Prompt: Every record that follows should be copied exactly. No picture belongs in the copy.

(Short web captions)
○ ○ ○ ○ ○

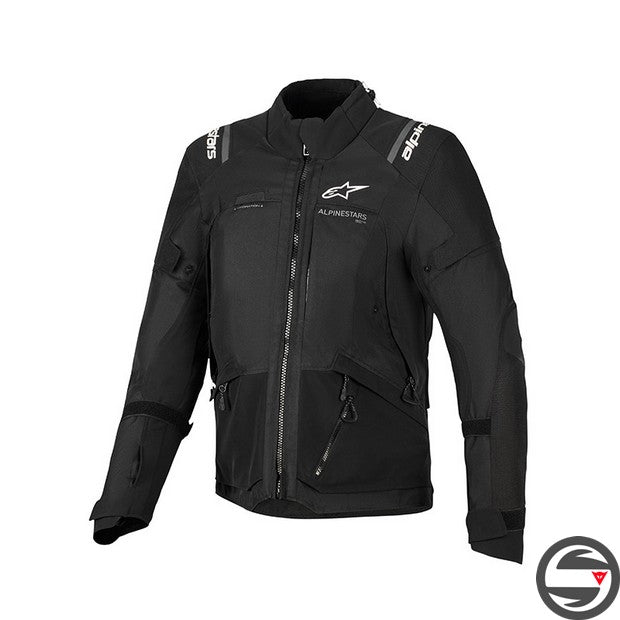 3210126 STELLA ANDES V4 DRYSTAR JACKET 10 BLACK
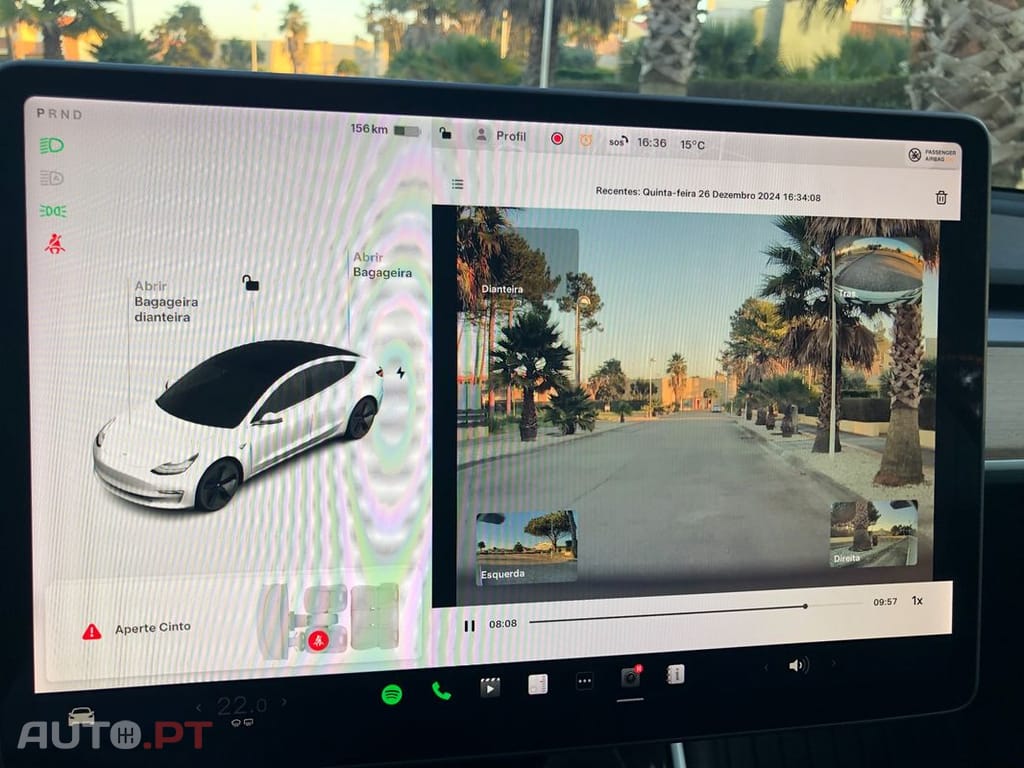 Tesla Model 3 Standard Range Plus RWD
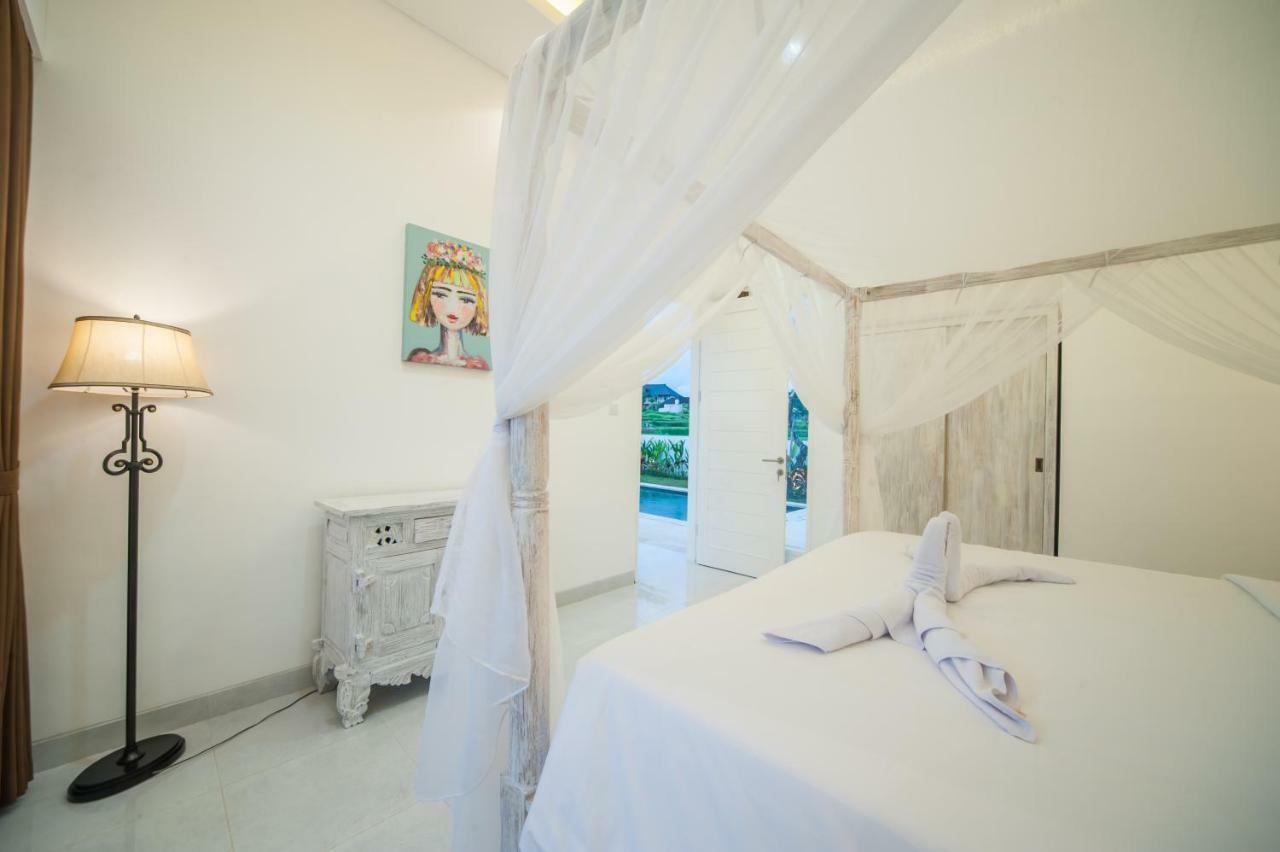 Villa Tirta Padi 2 Ubud Buitenkant foto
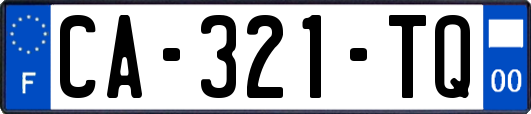 CA-321-TQ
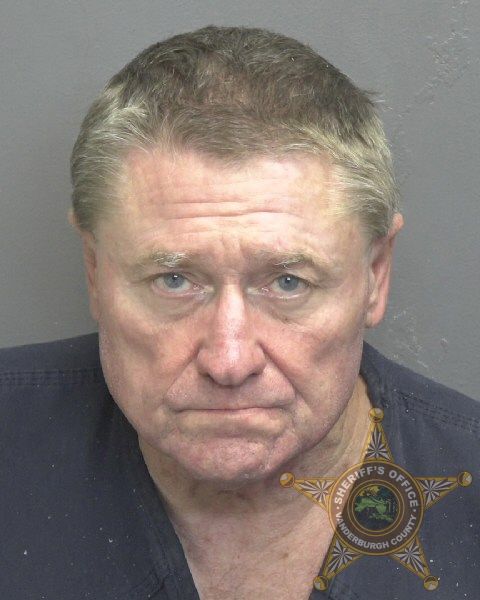 Mugshot of JAMES ROBERT PARRISH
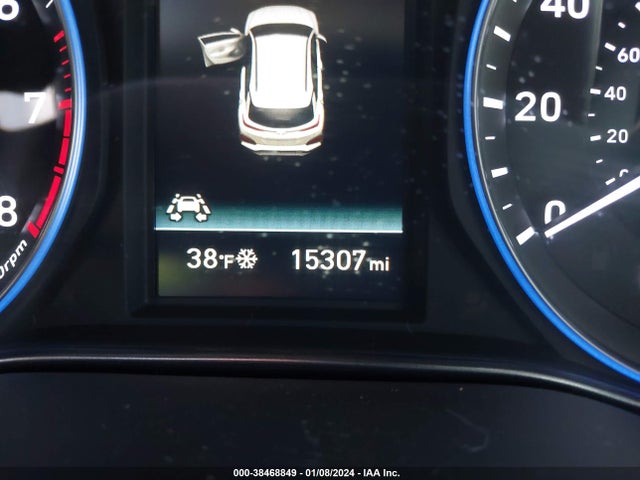 Hyundai Kona Limited 2021 KM8K3CA5XMU741164 Image 15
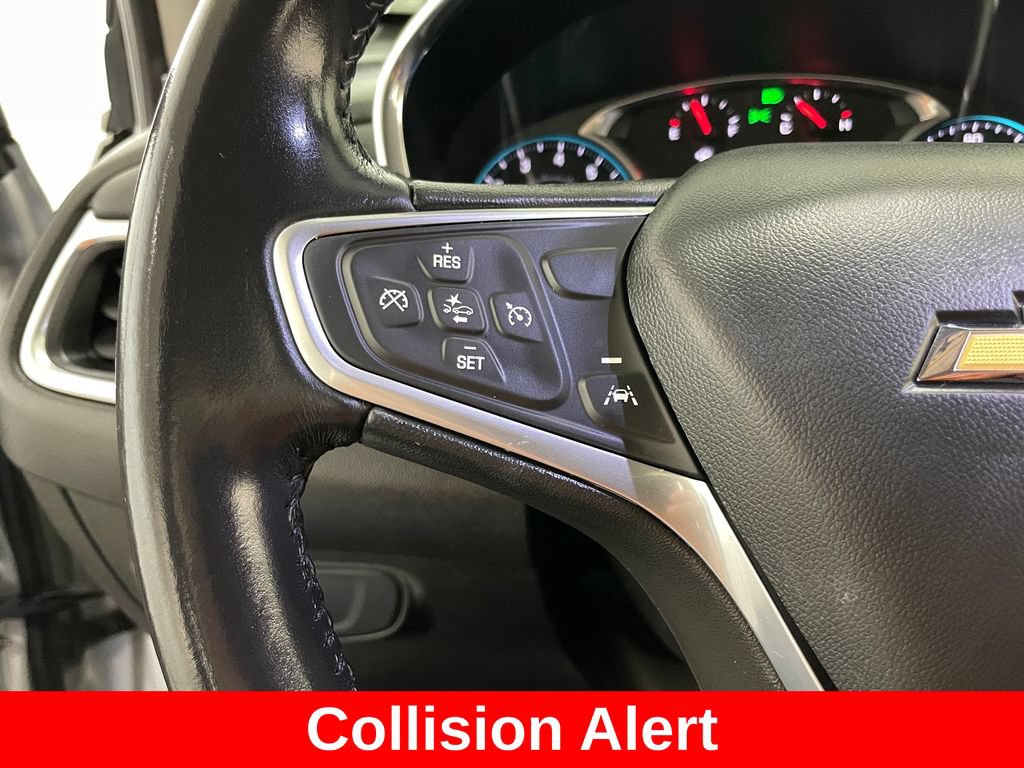 Certified 2022 Chevrolet Equinox LT AWD/4WD image 27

○ ○ ○ ○ ○

Result for this exercise:
 3210126 STELLA ANDES V4 DRYSTAR JACKET 10 BLACK
 Tesla Model 3 Standard Range Plus RWD
 Villa Tirta Padi 2 Ubud Buitenkant foto
 CA-321-TQ
 Mugshot of JAMES ROBERT PARRISH
 Hyundai Kona Limited 2021 KM8K3CA5XMU741164 Image 15
 Certified 2022 Chevrolet Equinox LT AWD/4WD image 27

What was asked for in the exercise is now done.